The library installs a process.on("exit") handler that releases all currently-held locks synchronously, so well-behaved exits leave no stale sidecars. Crashes still need the reclaim path.

#Manager API

function createSidecarLockManager(key: string): {
  acquire<TPayload>(options: SidecarLockAcquireOptions<TPayload>): Promise<SidecarLockHandle>;
  withLock<T, TPayload>(options: SidecarLockAcquireOptions<TPayload>, fn: () => Promise<T>): Promise<T>;
  drain(): Promise<void>;
  reset(): void;
  heldEntries(): SidecarLockHeldEntry[];
};

The key is a per-manager identifier used to keep state isolated across multiple managers in the same process.
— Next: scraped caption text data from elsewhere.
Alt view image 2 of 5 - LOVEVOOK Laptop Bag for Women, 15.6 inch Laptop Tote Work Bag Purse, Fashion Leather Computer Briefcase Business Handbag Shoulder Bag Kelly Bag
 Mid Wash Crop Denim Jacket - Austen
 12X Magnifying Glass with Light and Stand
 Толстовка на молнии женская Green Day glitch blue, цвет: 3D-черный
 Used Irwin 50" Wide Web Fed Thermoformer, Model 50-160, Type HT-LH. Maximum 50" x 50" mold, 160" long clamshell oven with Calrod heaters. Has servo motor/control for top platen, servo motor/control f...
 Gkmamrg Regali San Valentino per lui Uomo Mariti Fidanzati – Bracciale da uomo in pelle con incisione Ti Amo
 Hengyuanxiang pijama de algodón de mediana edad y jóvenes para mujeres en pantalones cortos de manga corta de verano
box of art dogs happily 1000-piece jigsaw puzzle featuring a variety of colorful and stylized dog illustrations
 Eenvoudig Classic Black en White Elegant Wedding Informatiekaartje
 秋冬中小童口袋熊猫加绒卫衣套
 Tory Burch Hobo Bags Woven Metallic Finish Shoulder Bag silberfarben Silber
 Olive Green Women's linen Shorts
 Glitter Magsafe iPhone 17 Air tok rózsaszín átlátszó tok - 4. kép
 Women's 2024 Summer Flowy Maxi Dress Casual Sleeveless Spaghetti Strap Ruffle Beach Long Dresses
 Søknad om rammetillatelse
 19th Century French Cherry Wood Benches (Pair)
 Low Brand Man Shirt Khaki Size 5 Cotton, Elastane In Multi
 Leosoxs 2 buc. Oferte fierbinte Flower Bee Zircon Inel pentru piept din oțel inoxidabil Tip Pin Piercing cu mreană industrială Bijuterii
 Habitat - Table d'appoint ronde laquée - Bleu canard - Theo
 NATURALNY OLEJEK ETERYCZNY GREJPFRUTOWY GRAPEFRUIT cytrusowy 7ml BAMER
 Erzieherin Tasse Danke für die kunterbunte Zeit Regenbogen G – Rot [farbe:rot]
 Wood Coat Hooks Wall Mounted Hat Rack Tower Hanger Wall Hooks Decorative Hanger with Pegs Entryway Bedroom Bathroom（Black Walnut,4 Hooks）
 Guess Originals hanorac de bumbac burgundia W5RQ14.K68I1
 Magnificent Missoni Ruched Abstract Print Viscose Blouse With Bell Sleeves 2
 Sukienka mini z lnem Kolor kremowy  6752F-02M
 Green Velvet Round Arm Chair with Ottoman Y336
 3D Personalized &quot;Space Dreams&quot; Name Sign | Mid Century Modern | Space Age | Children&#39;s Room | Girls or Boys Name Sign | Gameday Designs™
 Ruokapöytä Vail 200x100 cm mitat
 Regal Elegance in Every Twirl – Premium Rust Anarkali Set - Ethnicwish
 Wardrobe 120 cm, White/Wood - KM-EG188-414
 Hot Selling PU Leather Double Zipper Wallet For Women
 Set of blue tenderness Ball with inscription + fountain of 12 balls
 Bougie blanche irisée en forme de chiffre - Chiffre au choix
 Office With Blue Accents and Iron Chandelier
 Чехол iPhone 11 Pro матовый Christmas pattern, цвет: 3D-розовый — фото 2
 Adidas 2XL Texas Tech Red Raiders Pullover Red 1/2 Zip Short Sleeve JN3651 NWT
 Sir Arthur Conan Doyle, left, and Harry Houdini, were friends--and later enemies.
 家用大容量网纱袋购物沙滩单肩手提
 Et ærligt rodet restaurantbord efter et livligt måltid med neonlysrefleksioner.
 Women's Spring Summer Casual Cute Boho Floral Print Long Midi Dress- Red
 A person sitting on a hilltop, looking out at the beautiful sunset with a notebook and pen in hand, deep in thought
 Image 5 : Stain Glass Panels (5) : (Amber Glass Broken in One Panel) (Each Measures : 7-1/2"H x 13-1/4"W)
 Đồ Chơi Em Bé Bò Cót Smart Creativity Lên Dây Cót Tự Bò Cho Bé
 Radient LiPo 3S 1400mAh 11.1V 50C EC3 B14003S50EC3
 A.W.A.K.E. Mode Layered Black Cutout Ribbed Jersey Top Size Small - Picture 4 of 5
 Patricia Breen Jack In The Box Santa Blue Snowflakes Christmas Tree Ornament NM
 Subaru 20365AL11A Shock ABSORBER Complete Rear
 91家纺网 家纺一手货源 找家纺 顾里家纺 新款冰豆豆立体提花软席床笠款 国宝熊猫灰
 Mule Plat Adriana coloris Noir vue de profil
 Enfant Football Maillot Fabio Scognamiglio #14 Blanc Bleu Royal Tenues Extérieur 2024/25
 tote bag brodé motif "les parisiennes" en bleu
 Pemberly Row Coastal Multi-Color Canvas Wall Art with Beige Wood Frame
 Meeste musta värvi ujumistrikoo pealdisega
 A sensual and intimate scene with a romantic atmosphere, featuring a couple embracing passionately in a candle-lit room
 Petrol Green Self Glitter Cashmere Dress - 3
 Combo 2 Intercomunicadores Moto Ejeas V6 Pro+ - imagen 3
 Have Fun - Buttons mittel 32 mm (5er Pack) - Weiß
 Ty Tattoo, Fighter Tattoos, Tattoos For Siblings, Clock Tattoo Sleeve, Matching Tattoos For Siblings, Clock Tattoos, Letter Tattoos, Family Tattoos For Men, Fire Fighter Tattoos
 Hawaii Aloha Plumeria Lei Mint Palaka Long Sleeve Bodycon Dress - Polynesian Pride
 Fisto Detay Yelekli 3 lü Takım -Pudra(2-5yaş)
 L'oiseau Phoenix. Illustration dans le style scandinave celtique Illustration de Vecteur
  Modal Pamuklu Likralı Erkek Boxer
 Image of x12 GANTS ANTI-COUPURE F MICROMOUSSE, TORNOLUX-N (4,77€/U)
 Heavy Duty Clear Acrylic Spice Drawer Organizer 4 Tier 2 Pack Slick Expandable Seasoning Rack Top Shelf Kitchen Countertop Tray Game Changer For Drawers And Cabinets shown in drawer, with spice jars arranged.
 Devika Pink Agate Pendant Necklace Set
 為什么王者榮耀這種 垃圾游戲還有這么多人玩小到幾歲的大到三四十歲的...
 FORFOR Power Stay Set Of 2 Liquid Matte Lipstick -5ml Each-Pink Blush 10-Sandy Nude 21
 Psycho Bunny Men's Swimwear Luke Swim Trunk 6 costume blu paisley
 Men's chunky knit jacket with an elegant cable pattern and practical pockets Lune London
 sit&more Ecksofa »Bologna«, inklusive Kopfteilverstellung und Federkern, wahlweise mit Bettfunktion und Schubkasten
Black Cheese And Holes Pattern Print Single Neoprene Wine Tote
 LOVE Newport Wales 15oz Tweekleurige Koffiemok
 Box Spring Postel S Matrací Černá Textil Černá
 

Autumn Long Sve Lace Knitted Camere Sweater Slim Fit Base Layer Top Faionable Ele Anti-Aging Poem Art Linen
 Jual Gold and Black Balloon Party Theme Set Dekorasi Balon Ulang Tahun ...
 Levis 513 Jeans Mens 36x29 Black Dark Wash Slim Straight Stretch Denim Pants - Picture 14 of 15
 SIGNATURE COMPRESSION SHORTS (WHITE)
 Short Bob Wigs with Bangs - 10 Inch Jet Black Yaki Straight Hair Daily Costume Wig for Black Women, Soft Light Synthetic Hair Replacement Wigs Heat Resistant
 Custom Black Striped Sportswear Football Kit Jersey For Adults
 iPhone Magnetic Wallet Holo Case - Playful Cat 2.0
Use distinct keys for distinct lock domains ("snapshot", "compact", "build").

#Acquire options

type SidecarLockAcquireOptions<TPayload extends Record<string, unknown>> = {
  targetPath: string;                    // the resource you want to protect
  lockPath?: string;                     // override; defaults to `${targetPath}.lock`
  staleMs: number;                       // how long until a held lock is considered stale
  timeoutMs?: number;                    // overall acquire deadline; default unbounded
  retry?: SidecarLockRetryOptions;
  allowReentrant?: boolean;              // if this process already holds it, increment a count instead of failing
  payload: () => TPayload | Promise<TPayload>;
  shouldReclaim?: (params: {
    lockPath: string;
    normalizedTargetPath: string;
    payload: Record<string, unknown> | null;
    staleMs: number;
    nowMs: number;
    heldByThisProcess: boolean;
  }) => boolean | Promise<boolean>;
  metadata?: Record<string, unknown>;    // attached to heldEntries() output for diagnostics
};

type SidecarLockRetryOptions = {
  retries?: number;       // number of retry attempts after the first failure
  factor?: number;        // exponential backoff factor (default 2)
  minTimeout?: number;    // initial delay (ms)
  maxTimeout?: number;    // delay cap (ms)
  randomize?: boolean;    // jitter
};

payload is a function so you can re-evaluate it on each retry (e.g. timestamp, PID).

#Release handle

type SidecarLockHandle = {
  lockPath: string;
  normalizedTargetPath: string;
  release: () => Promise<void>;
  [Symbol.asyncDispose](): Promise<void>;
};

Always release in a finally:

const handle = await locks.acquire({ targetPath, staleMs: 60_000, payload: () => ({ pid: process.pid }) });
try {
  await doExclusiveWork();
} finally {
  await handle.release();
}

If your process dies before release() runs and skips the exit handler, the next acquirer reclaims the lock once staleMs elapses (or your shouldReclaim returns true).

#withLock — common shape made one-liner

const result = await locks.withLock(
  { targetPath: "/var/lib/app/state.json", staleMs: 30_000, payload: () => ({ pid: process.pid }) },
  async () => {
    return await runCompaction();
  },
);

Acquires, runs fn, releases regardless of success/failure. Returns the result of fn.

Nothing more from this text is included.